Nawrocki’s stunt would have worked almost anywhere in Europe. Nations still clinging to their own cultures, religious heritages, and traditions face relentless campaigns from Europe’s most powerful institutions to bend the knee to the rainbow flag or face the fire. National elections mean nothing to the continental establishment. Nawrocki won the Polish presidency on June 1, and so the LGBT elites promptly employed a different strategy.
On November 25, the European Court of Justice ruled that Poland must recognize same-sex marriages conducted in other EU member states. The ruling takes direct aim at Article 18 of Poland’s constitution, which states that “Marriage, being a union of a man and a woman, as well as the family, motherhood, and parenthood, shall be placed under the protection and care of the Republic of Poland.”

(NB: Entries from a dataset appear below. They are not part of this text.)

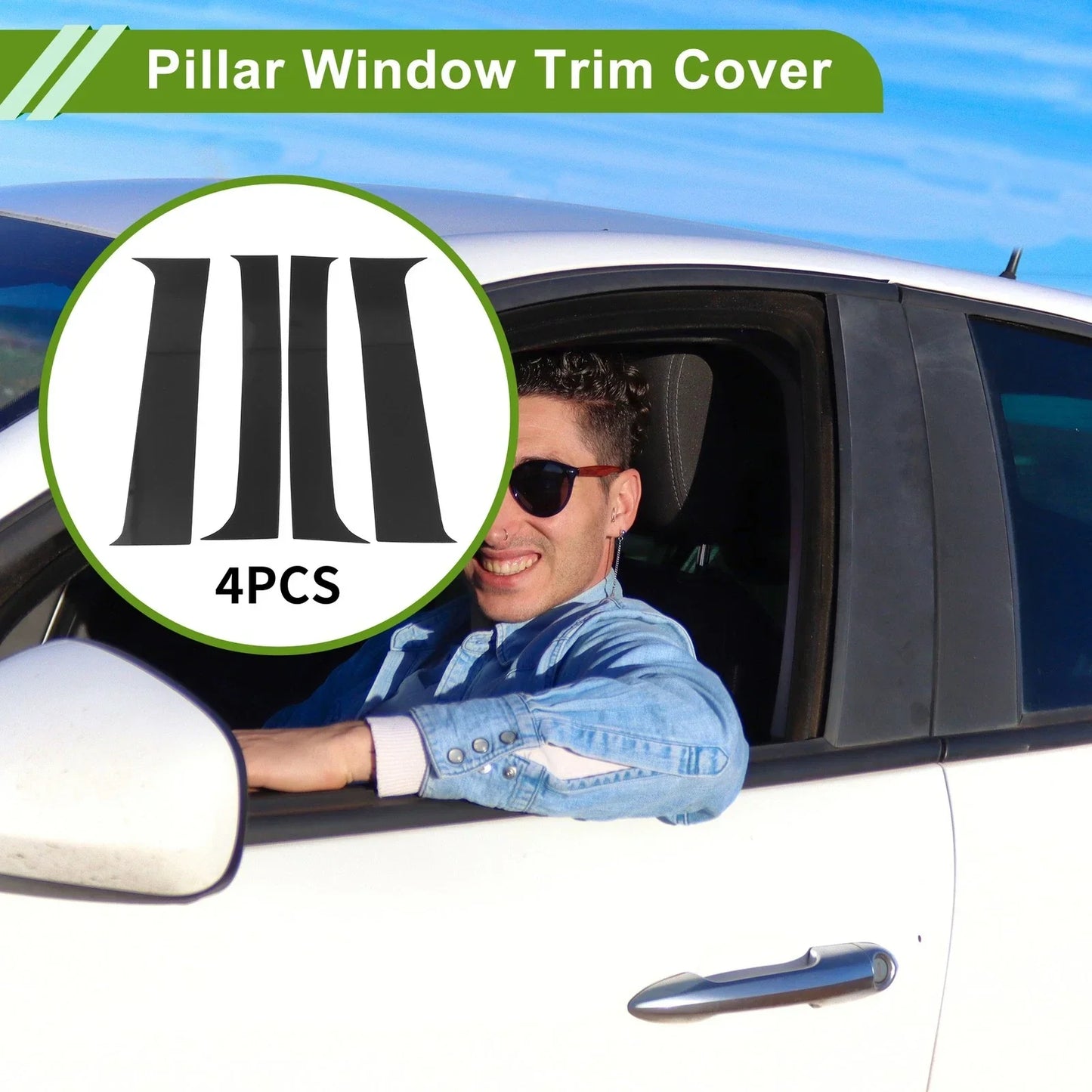 4 Pcs Door Pillar Window Trim for Chevy Silverado (2000-2006) Black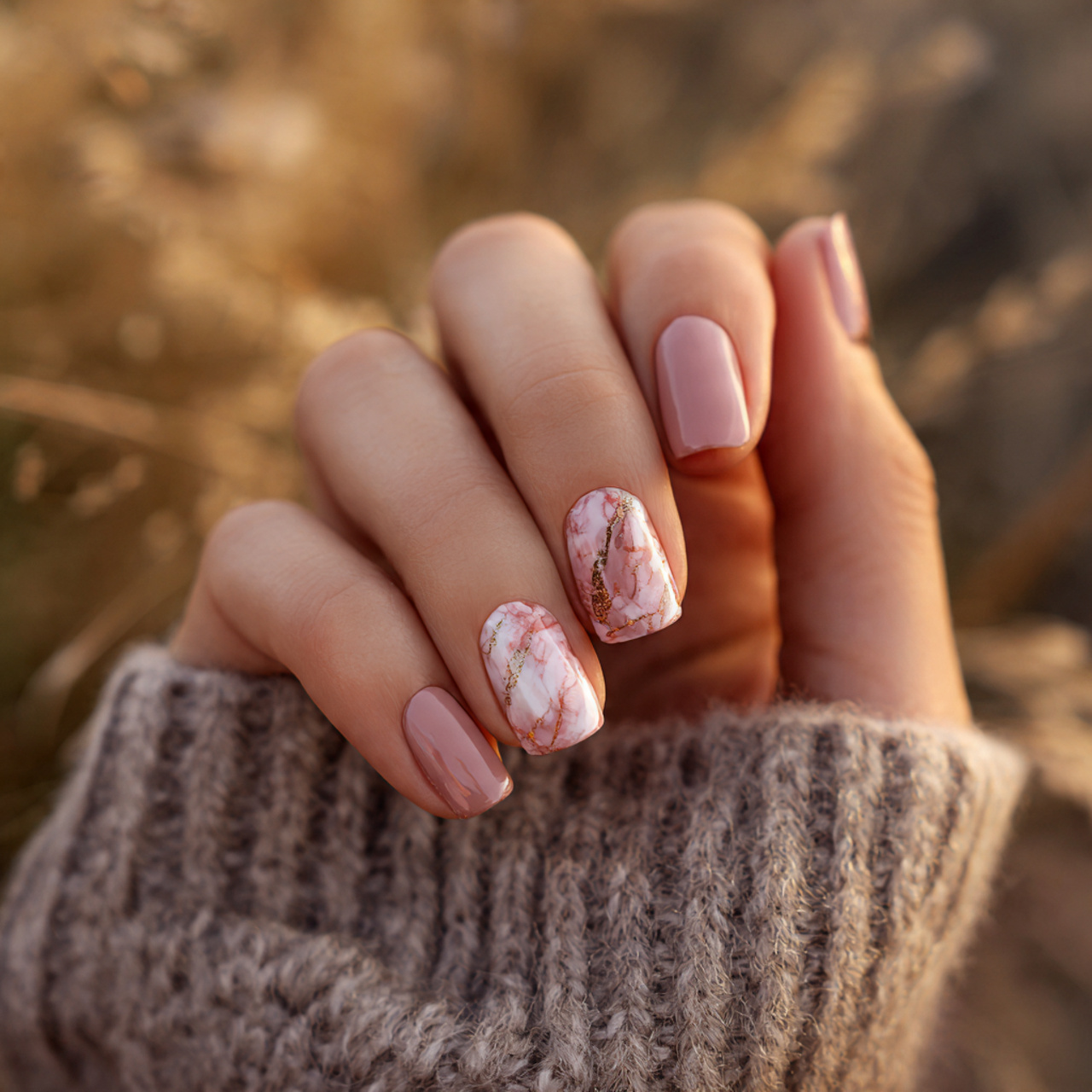 Chic Spring Nails Short for the New Season 10 Blush Marble Dream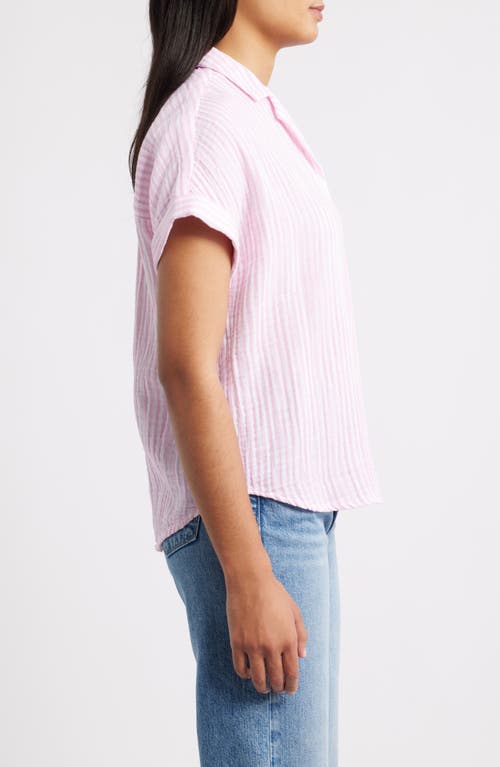 Beachlunchlounge Arin Stripe Short Sleeve Cotton Shirt In Pink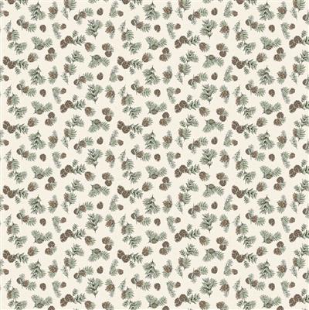 Wildwood Digital Pine Cones Y4374-57 Cream Fabric
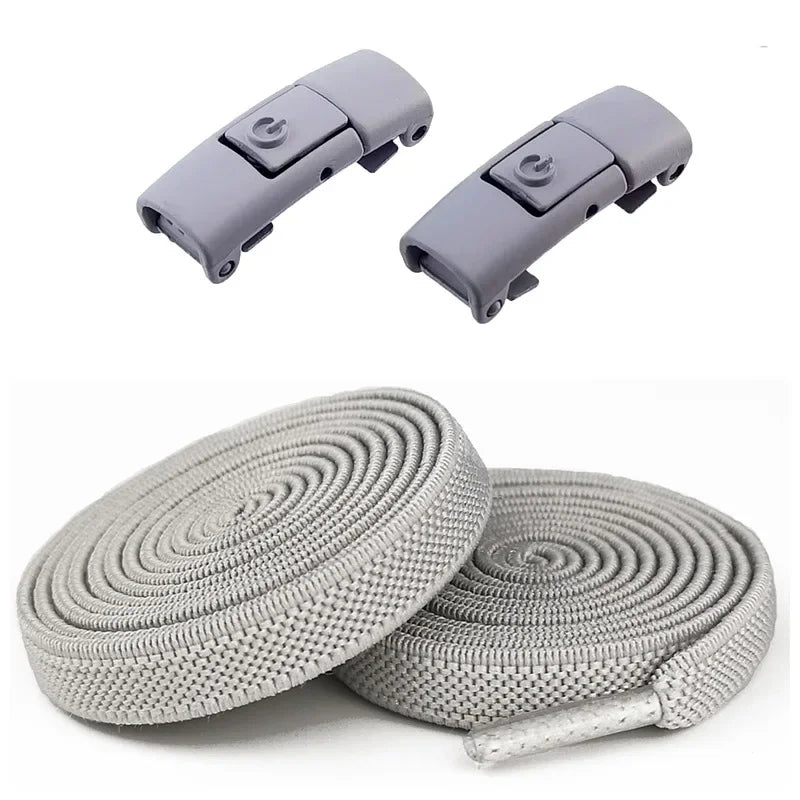 No Tie Shoe Laces Press Lock Shoelaces Without Ties Elastic Laces Sneaker Kids Adult 8MM Widened Flat Shoelace for Shoes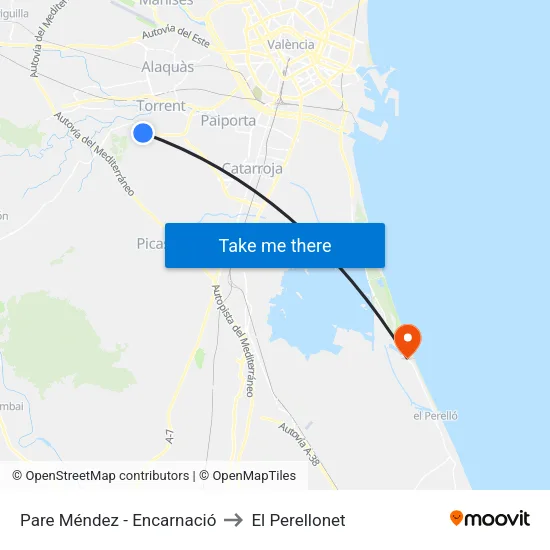 Pare Méndez - Encarnació to El Perellonet map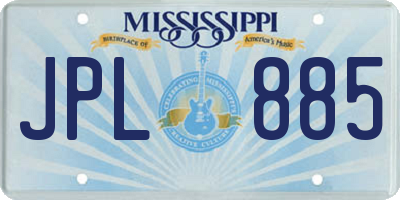 MS license plate JPL885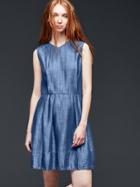 Gap Tencel Denim Fit & Flare Dress - Chambray Blue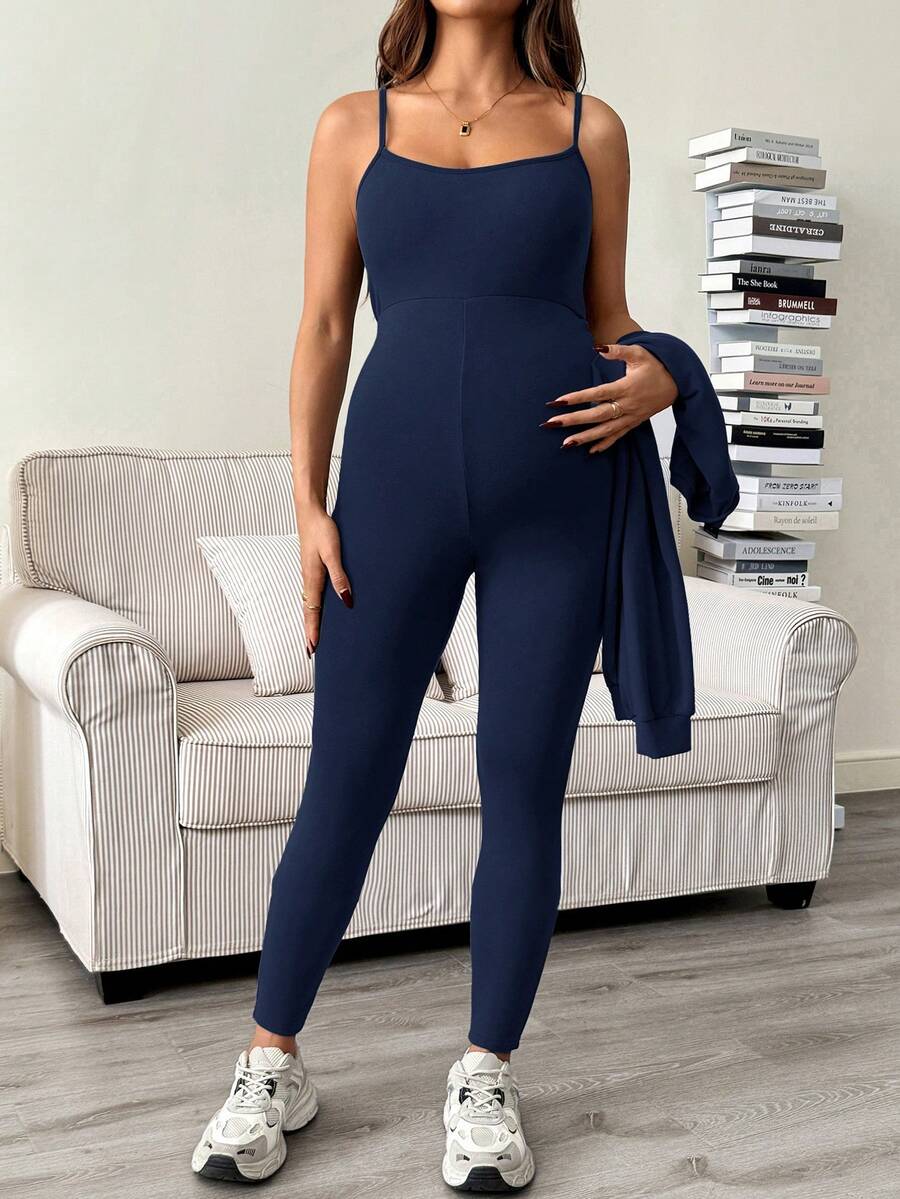 Maternity 2 Piece Set - Solid Color Drop Shoulder Long Sleeve Tee and Jumpsuit Casual, Black
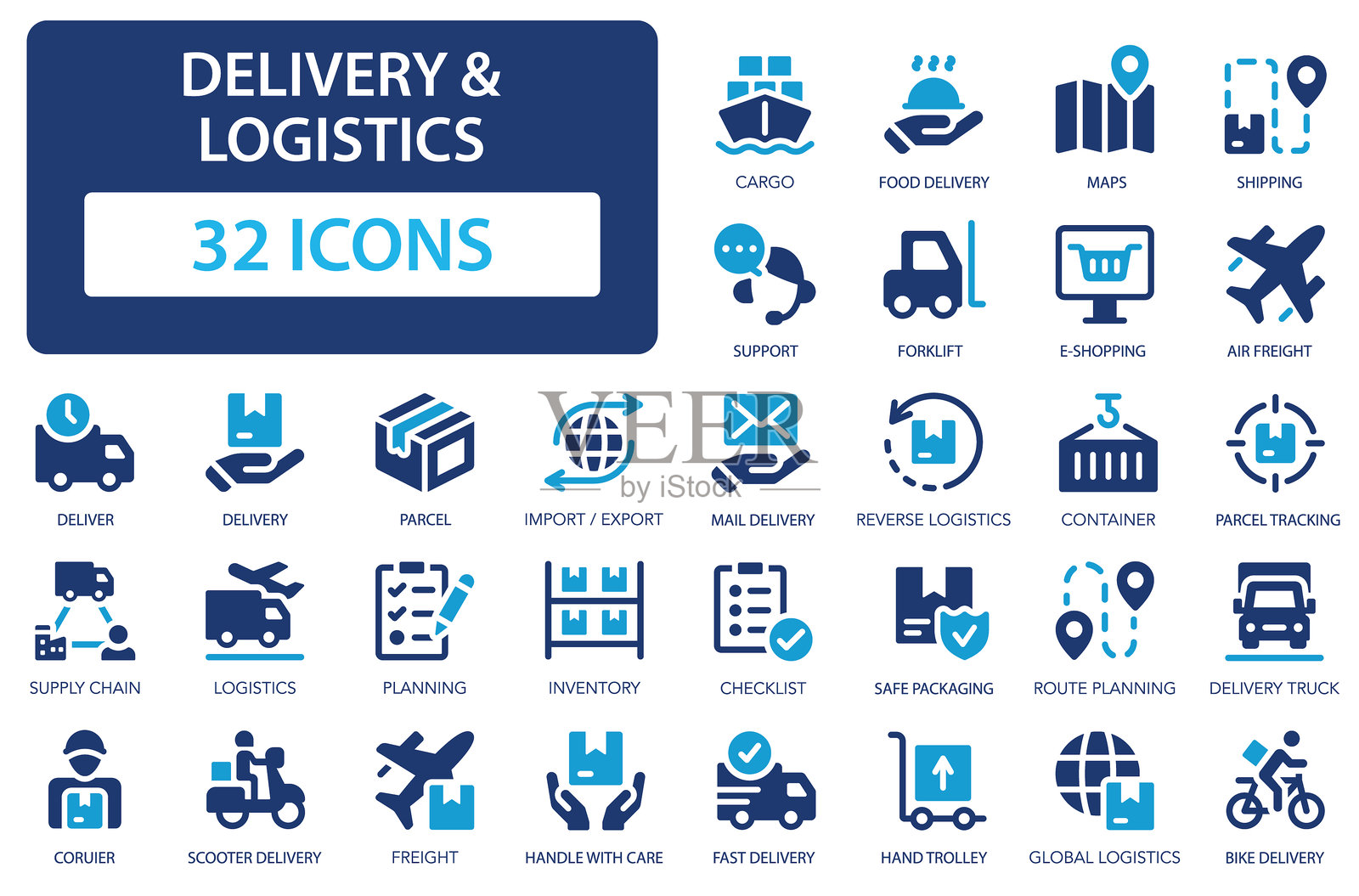 配送与物流图标集。运输、邮递、包裹、货运、分销标识集。插画图片素材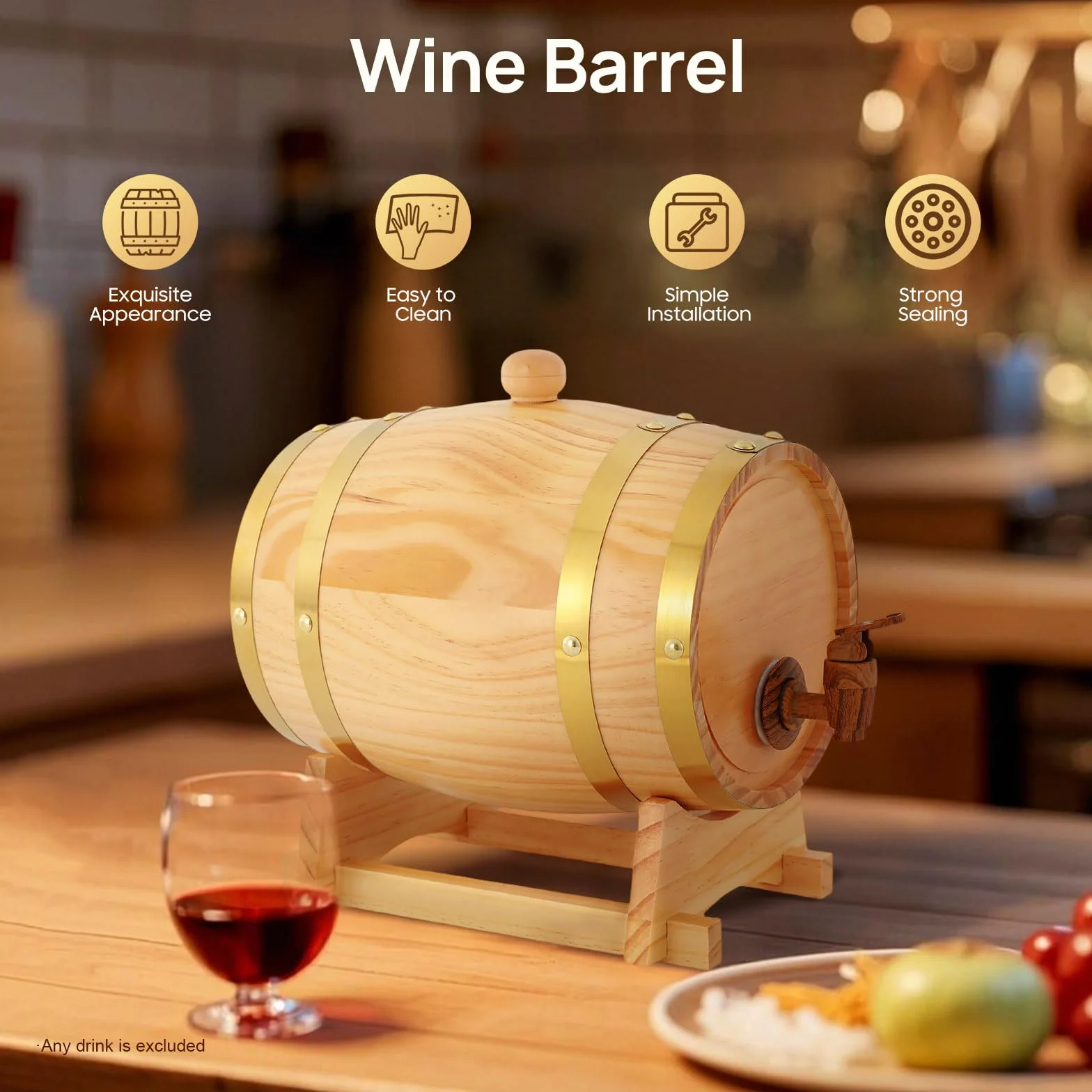 Barril de vino, madera de pino de 3 l, con varillas de acero inoxidable y grifo, barril de fermentación tradicional para vino/whisky, incluye soporte (16 x 23,5 cm), ideal para cervezas y bares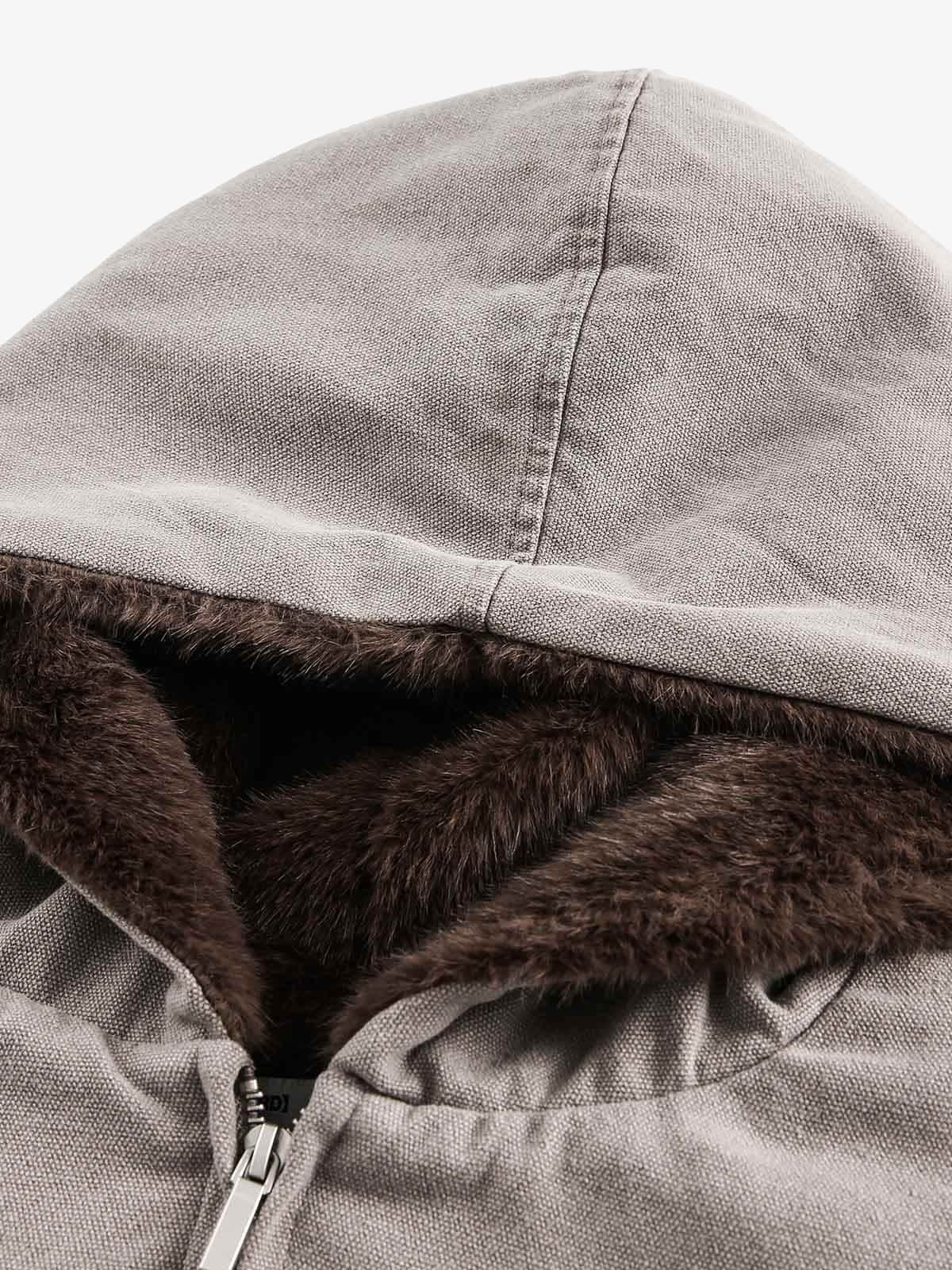Thesupermade Fur Hooded Zip Up Quilted Jacket - 2510-Fineriform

The case started when a homosexual Polish couple got married in Berlin and requested the transcription of their marriage certificate into Poland’s civil registry. This was denied because Polish law does not recognize same-sex marriage. The couple sued. The Civic Coalition Party government’s response came out of both sides of their mouths. Prime Minister Donald Tusk and Interior Minister Marcin Kierwiński assured the public that the EU could not dictate Polish law and that constitutional processes would be respected.
Tusk, who has been waging an extralegal war on Poland’s conservative laws since taking office, added that “respecting tribunals” is also fundamental, while Interior Minister Marcin Kierwiński suggested that in order to implement the EU ruling, “we will have to adopt our own legislation.” In other words, the liberal government will likely adopt the tactics of their presidential candidate Rafał Trzaskowski, who advocates same-sex civil unions as a “logical first step.” Towards what? To ask the question is to answer it.
Many Polish conservatives recognized that the EU ruling is a foot jammed in the door, directly undermining the Polish constitution by stating that the recognition of same-sex marriages conducted outside the country is essential for “the fundamental right to respect for private and family life.” President Karol Nawrocki released a scathing response; Adam Andruszkiewicz, the deputy head of the presidential chancellery, called it “an attempt to circumvent the Polish Constitution” and affirmed that Nawrocki “will not submit to the terror of ‘rainbow rulings.’”
It isn’t just Poland. When Bulgaria passed a law banning LGBT propaganda in schools last year, LGBT activists claimed it violated EU law, the UN Human Rights Office called on the government to reconsider, and after President Ruman Radev declined to veto it, called on the European Commission to “step in and hold Bulgaria accountable.” When Hungary passed a similar law in 2021, then-Dutch prime minister Mark Rutte stated that the EU would “bring Hungary to its knees” in response.